[Web page caption snippets]
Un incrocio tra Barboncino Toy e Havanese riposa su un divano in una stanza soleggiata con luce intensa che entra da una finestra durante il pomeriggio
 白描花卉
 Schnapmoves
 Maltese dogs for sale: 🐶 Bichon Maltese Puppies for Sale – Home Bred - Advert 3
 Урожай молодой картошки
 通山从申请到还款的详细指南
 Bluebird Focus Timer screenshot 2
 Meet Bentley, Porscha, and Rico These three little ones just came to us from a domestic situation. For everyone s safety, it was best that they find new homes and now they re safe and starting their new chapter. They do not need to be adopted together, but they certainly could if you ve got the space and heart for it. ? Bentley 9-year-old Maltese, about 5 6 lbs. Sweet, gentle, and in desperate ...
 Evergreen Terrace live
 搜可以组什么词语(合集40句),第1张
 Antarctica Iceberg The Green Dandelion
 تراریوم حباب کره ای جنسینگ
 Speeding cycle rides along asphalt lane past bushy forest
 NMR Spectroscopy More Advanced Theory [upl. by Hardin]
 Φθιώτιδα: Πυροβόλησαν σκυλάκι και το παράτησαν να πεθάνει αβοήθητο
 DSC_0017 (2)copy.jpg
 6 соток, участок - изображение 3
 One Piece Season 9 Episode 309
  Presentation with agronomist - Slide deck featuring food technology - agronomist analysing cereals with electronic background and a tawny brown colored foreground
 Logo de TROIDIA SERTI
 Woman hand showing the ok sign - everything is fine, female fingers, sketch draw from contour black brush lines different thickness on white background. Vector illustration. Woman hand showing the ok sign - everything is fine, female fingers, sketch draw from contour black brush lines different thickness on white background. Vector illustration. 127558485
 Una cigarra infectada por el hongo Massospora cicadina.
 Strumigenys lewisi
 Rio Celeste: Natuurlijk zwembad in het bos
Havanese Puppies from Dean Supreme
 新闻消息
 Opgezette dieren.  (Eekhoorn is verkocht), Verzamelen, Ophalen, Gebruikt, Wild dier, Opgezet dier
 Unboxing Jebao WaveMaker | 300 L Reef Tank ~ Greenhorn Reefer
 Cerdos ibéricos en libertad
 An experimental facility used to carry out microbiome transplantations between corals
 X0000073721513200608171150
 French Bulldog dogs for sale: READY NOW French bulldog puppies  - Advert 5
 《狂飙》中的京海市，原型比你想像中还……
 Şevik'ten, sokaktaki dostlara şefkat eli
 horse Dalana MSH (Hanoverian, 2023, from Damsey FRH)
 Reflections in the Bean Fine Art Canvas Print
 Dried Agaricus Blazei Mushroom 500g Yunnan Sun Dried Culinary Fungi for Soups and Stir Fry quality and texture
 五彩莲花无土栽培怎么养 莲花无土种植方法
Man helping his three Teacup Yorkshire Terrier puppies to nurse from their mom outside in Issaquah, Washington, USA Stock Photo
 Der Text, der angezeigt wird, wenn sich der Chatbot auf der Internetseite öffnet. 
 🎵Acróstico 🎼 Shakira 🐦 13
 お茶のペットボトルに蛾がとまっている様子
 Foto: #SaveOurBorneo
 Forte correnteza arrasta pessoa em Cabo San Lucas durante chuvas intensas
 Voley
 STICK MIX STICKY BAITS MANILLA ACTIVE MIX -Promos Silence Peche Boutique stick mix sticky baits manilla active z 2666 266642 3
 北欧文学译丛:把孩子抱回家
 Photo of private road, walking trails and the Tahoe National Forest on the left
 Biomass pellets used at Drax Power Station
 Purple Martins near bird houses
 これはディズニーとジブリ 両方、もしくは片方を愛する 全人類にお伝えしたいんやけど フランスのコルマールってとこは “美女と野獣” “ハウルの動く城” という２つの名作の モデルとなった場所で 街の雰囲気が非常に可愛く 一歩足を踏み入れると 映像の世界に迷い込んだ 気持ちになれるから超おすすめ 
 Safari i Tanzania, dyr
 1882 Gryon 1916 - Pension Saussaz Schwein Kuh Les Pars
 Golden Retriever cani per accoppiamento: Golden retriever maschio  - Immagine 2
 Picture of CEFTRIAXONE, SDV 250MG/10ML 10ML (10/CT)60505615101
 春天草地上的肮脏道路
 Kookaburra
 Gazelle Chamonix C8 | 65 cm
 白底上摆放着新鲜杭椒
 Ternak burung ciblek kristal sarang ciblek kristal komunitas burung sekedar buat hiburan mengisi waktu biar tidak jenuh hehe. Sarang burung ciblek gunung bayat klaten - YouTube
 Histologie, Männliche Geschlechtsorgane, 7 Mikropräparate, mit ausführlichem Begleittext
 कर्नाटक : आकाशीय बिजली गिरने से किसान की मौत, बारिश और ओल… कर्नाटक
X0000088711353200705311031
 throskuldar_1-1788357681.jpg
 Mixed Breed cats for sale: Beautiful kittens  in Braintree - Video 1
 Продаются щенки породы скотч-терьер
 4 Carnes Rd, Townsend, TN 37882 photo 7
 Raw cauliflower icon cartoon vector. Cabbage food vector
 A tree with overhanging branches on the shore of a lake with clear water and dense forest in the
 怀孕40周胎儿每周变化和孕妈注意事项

### ABOUT THIS EXERCISE
Restate, word for word and with nothing added, the lines from the beginning of the records above through the line that contains "Bluebird Focus Timer screenshot 2".

### RESPONSE TO THIS EXERCISE
Un incrocio tra Barboncino Toy e Havanese riposa su un divano in una stanza soleggiata con luce intensa che entra da una finestra durante il pomeriggio
 白描花卉
 Schnapmoves
 Maltese dogs for sale: 🐶 Bichon Maltese Puppies for Sale – Home Bred - Advert 3
 Урожай молодой картошки
 通山从申请到还款的详细指南
 Bluebird Focus Timer screenshot 2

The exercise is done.